/minifyGaia

Code to shrink Gaia down to a single DB, for specific purposes (eg. astrometry)

Primary LanguagePythonMIT LicenseMIT

minifyGaia

Code to shrink Gaia down to a single DB, for specific purposes (eg. astrometry)

Installation

Install the Python requirements:

pip install -r requirements.txt

Install the indexing requirements: first make sure that you have make and gcc installed and in your path. Then:

git clone https://github.com/Caltech-IPAC/SpatialIndex.git
cd SpatialIndex
make
python setup.py install

You'll now have the indexing executable SpatialIndex/bin/sptIndx in your path and the Python spatial-index installed.

Build the Database

First, edit the config_astrom.py file to make sure that you are setting the parameters you want to save in the minified DB and any boundaries on parameters that you want to enforce (e.g. mag < 18.0).

Make the DB:

python ./minifyGaia.py make_db --clobber=True

Ingest the DB:

python ./minifyGaia.py ingest_all --source_list=gaia_source.list

This will download the Gaia DR3 *.csv.gz files as they load into the DB.

Query the DB using ADQL

In Python, connect to the database:

import duckdb
from config_astrom import default_filename, default_table_name

conn = duckdb.connect(default_filename, read_only=True)

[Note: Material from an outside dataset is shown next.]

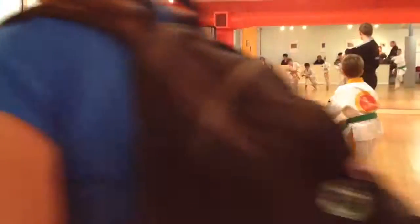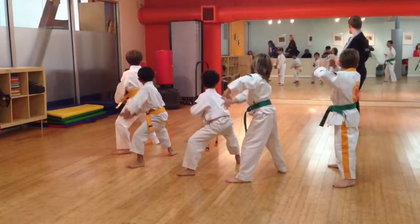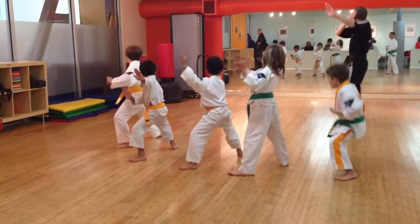Step forward. Push down, push down, reach back. And block forward.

Let's say we want to issue a query around a certain point:

import healpy
from ADQL.adql import ADQL
from spatial_index import SpatialIndex
from healpy.pixelfunc import vec2ang
import numpy as np
from astropy.table import Table

ra_source, dec_source = 45.00432028915398, 0.0210477637811747
max_distance_deg = 0.05
 
adql_string = f"""
   SELECT x, y, z, phot_rp_mean_mag, pmra, pmdec, parallax
   FROM {default_table_name}
   WHERE 1=CONTAINS(
      POINT('ICRS', ra, dec),
      CIRCLE('ICRS', {ra_source} , {dec_source}, {max_distance_deg}))
      
adql = ADQL(dbms='sqlite', level=20, 
                racol='ra', deccol='dec',
                xcol = 'x', ycol='y', zcol='z', indxcol='htm20',
                mode=SpatialIndex.HTM, encoding=SpatialIndex.BASE10)
q = adql.sql(adql_string)

Now we have our ADQL query converted into a duckDB query. Get the results and add in ra dec colunms

ret = conn.execute(q).fetchall()
radec = np.array([vec2ang(np.array([row[0], row[1], row[2]]),lonlat=True) for row in ret]).squeeze()
df = pd.DataFrame(ret, columns = ["x", "y", "z",
                    "phot_rp_mean_mag", "pmra", "pmdec", "parallax"])
df["ra"], df["dec"] = radec[:,0] ,radec[:,1]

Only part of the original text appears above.